Below are entries; repeat exactly, and nothing else, the lines from the one holding "09P Multi-colour Belt/Long" through the one holding "Hanukkah Bathroom Hand", inclusive. Leave the pictures out.

═══

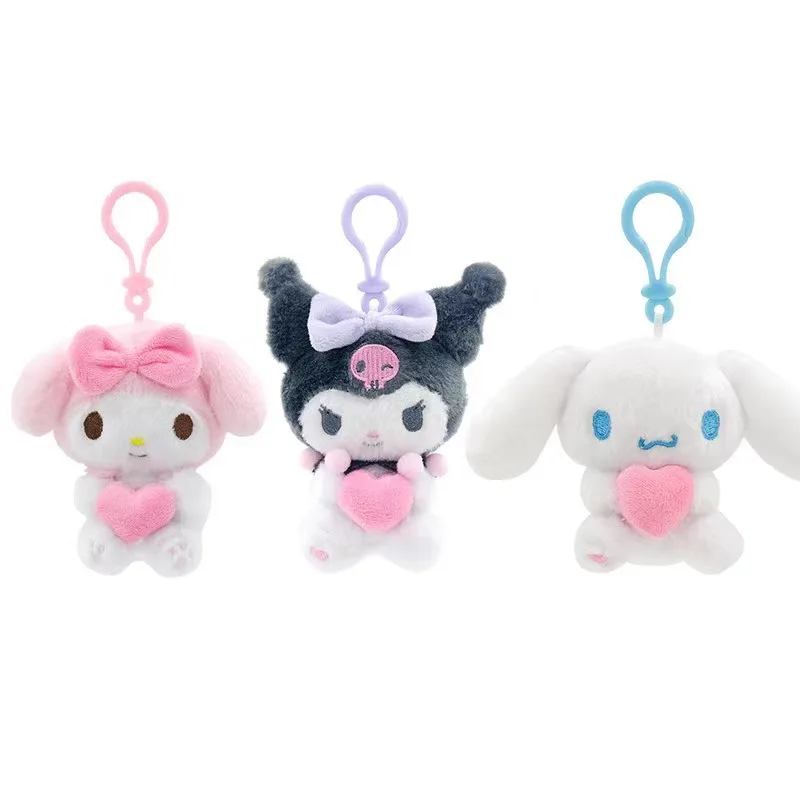 Oryginalne pluszaki Sanrio Hello Kitty Kuromi Melody Cinnamoroll, zawieszka, breloczek do kluczy, anime, prezent urodzinowy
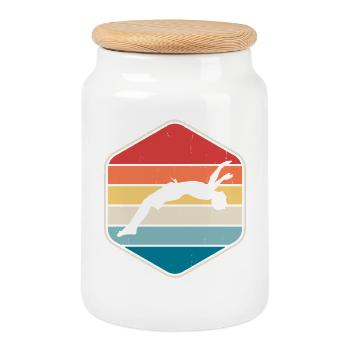 Natation Sports nautiques Float Gifts - Boîte à biscuits avec couvercle en bois - blanc - Devant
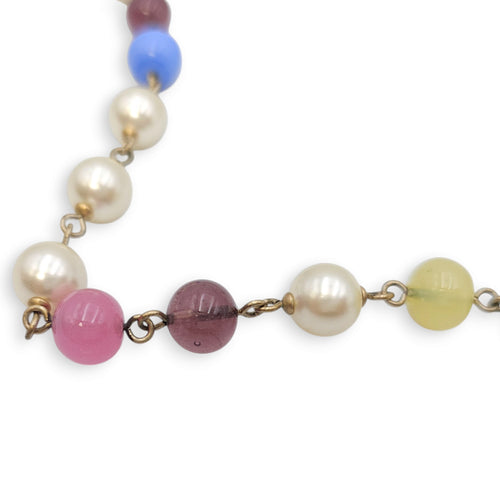 09P Multi-colour Belt/Long Necklace in Pearls, Beads, Crystals, Gold hardware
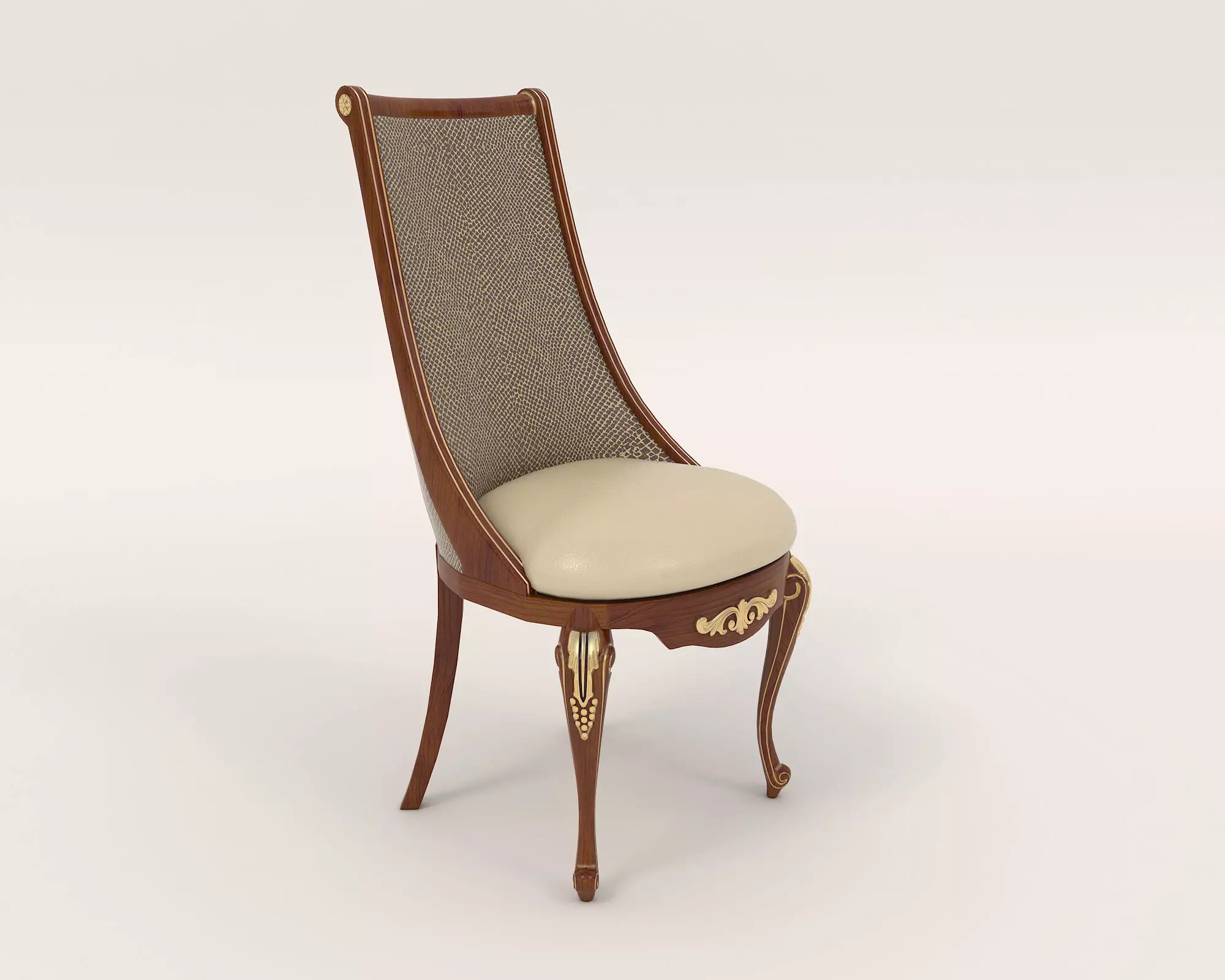 European style Dining Table and Chairs 6 3D model_6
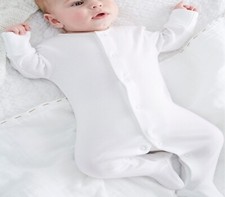 Full Plain Baby White Cotton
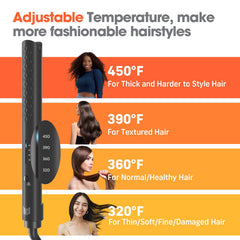 QUICO hair straightener glove and clips ensure safe, convenient styling.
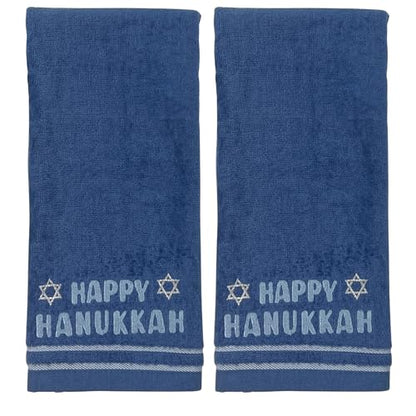 Hanukkah Bathroom Hand Towels – Set of 2 Blue 100% Cotton Embroidered “Happy Hanukkah” with Star of David Design – 25 x 16” Decorative Bath & Kitchen Towels - color: Hannukah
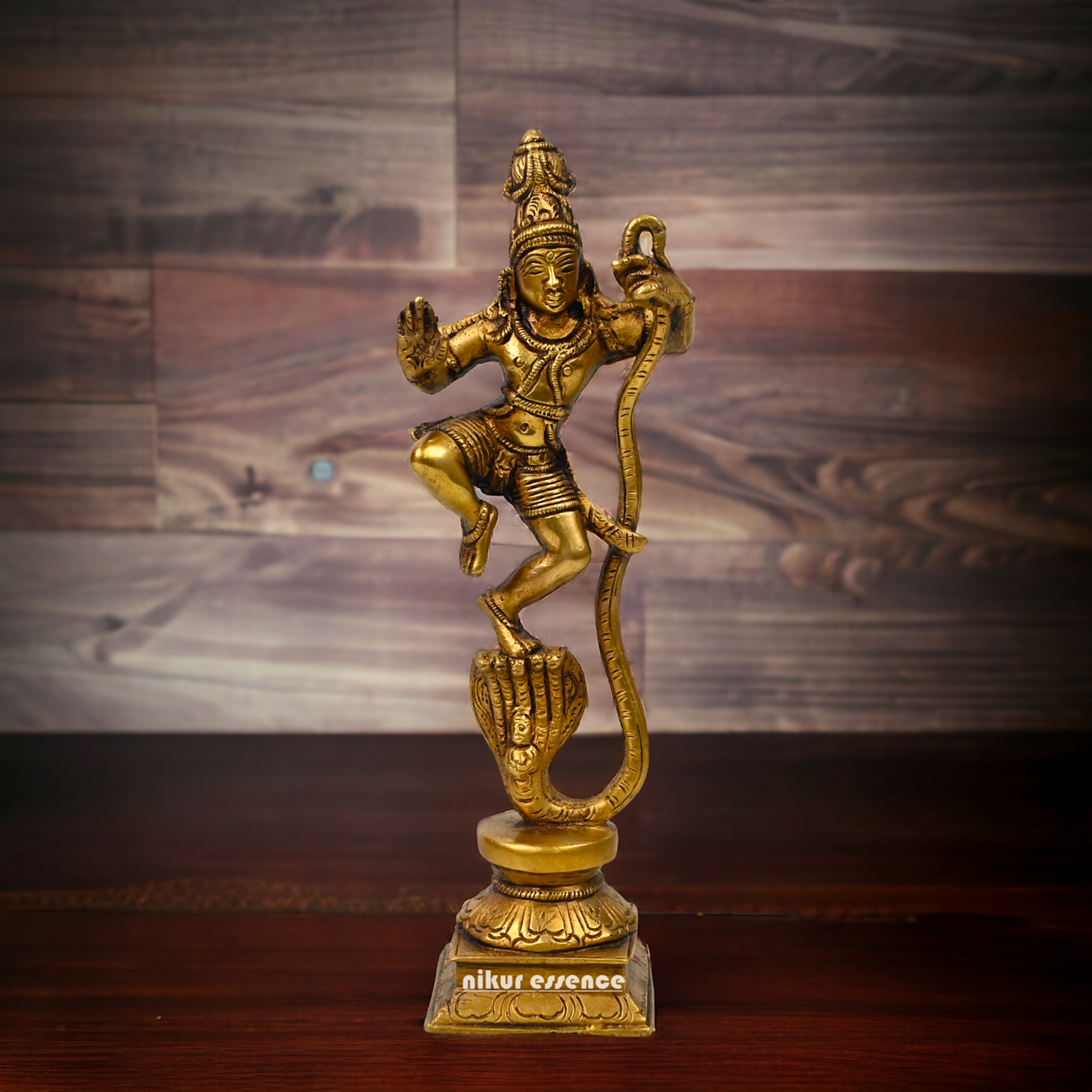 Antique Brass Kaliya Naag Krishna Idol by Nikur Essence - 9 inches Nikuressence
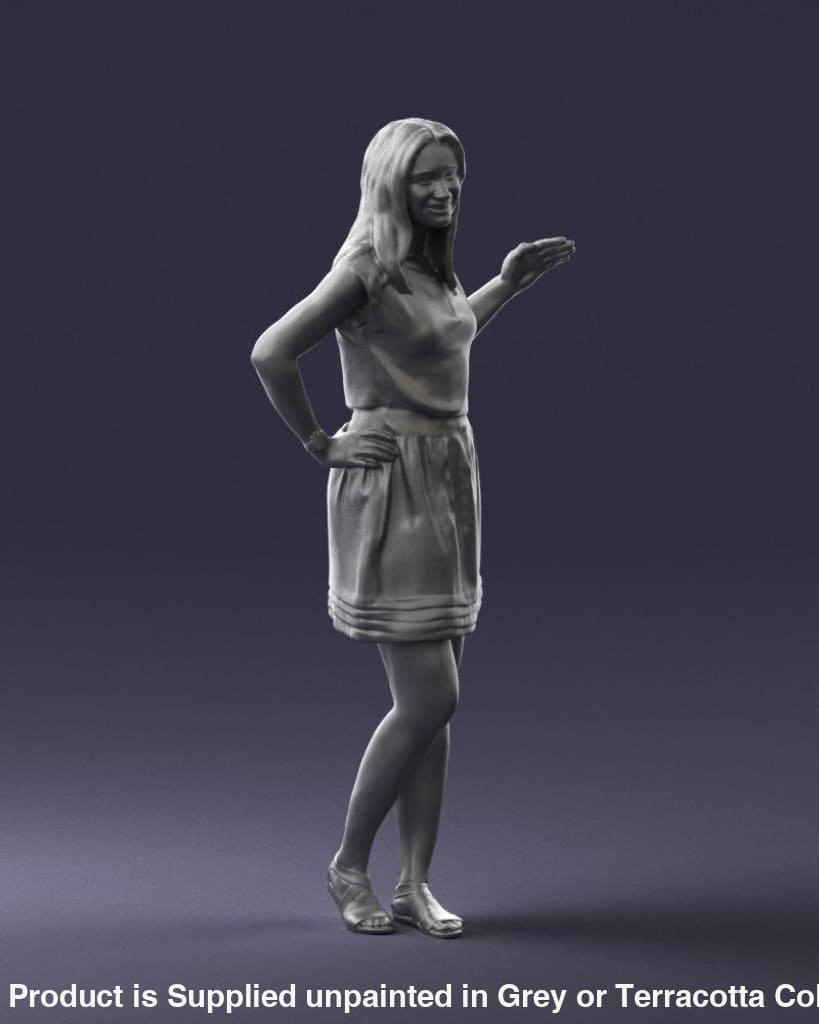 Smart Female In Dress Arm Up Figure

═══

Your response:
 09P Multi-colour Belt/Long Necklace in Pearls, Beads, Crystals, Gold hardware
 European style Dining Table and Chairs 6 3D model_6
 Full Plain Baby White Cotton
 QUICO hair straightener glove and clips ensure safe, convenient styling.
 Hanukkah Bathroom Hand Towels – Set of 2 Blue 100% Cotton Embroidered “Happy Hanukkah” with Star of David Design – 25 x 16” Decorative Bath & Kitchen Towels - color: Hannukah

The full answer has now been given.